Dan Siminoski was born in Los Angeles on January 1, 1947, to a progressive family. He displayed his commitment to human rights at an early age, when he co-chaired Mid-City Youth Against Proposition 14, a state-wide initiative to invalidate the California Fair Housing Law. He studied at the University of California at Berkeley, where he was involved in the Free Speech and anti-war movements and became the Berkeley co-chairman of Senator Eugene McCarthy's presidential campaign; he received a BA in Political Science and was elected to Phi Beta Kappa in 1968. Before entering graduate school, Siminoski served as a staff investigator for the Fair Campaign Practices Committee in Washington, DC, and then as legislative aid to Senator Wayne Morse. He earned his MA with honors in Political Science from the University of Wisconsin in 1970, when he was also awarded a Ford Fellowship. His doctoral research brought Siminoski back to Los Angeles where he came out in 1973 and became active in gay rights causes. In 1976-1977, he was an Instructor in the Social Sciences Department at Long Beach City College. He received his PhD in Political Science from the University of Wisconsin in 1978. In 1979-1980, he was Visiting Assistant Professor in the Department of Political Science at Arizona State University, and in 1980-1981, he held the same position at the University of Missouri St. Louis. He was appointed Visiting Lecturer in Political Science at Texas Tech University in 1981.
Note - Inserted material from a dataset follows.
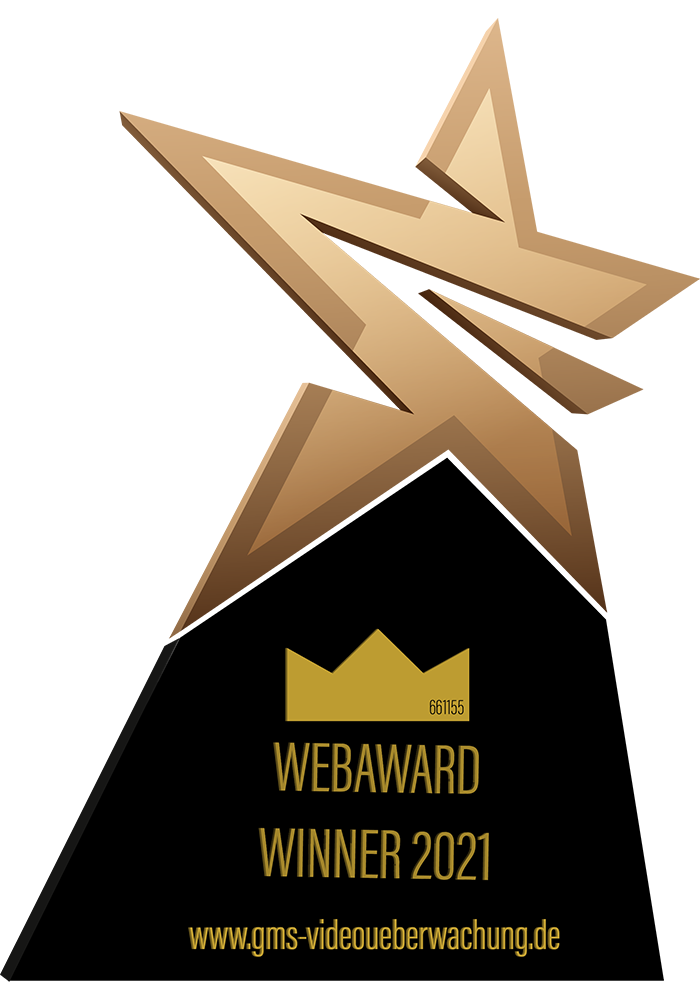 Webaward Academy die Auszeichnung im Internet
His long-held interest in gay and lesbian civil rights led Siminoski to file a request with the Federal Bureau of Investigation under the Freedom of Information Act (FOIA) on October 22, 1982, for copies of all FBI Headquarters and field office records relating to the surveillance of gays and lesbians from 1950 to 1982. When the FBI failed to comply with the request fully and in a timely manner, Siminoski, represented by the ACLU Foundation of Southern California, filed suit against the Bureau in Federal District Court in Los Angeles, on October 11, 1983. Simultaneously, Siminoski, who had left teaching and moved to Los Angeles in the late summer of 1983 to devote himself full-time to the impending lawsuit, launched Siminoski vs. FBI 1984 , a speaking tour and media campaign to publicize his case. Although the FBI began releasing documents in quantity to him by the end of the first quarter of 1984, Siminoski continued his case on the grounds that the documents were unnecessarily redacted. In late 1984, Siminoski, whose project had found a home at Jim Kepner s International Gay and Lesbian Archives (formerly Western Gay Archives) at 1654 North Hudson St., initiated the Freedom of Information Project. The purpose of this project was to analyze the documents released by the FBI and to gather signed and notarized Privacy Act Waiver Forms from leading gay activists, with the intention of turning his legal action into a class action lawsuit and expanding the scope of the FBI records sought. Although Siminoski collected properly executed Privacy Act Waiver Forms from a number of prominent gay activists, this latter purpose was not realized.
In 1986, Siminoski, who had supported himself since leaving teaching as a free-lance political consultant and syndicated columnist, withdrew for health reasons from active participation in the lawsuit. In 1988, he earned a master's degree in Social Work from California State University Long Beach. He now lives in San Diego. In November 1988, Ralph J. Geffen, acting as Special Master, reported favorably on most of Siminoski's legal claims; however, many of his recommendations were overruled by Judge William D. Keller in his decision of January 1990, which was not appealed.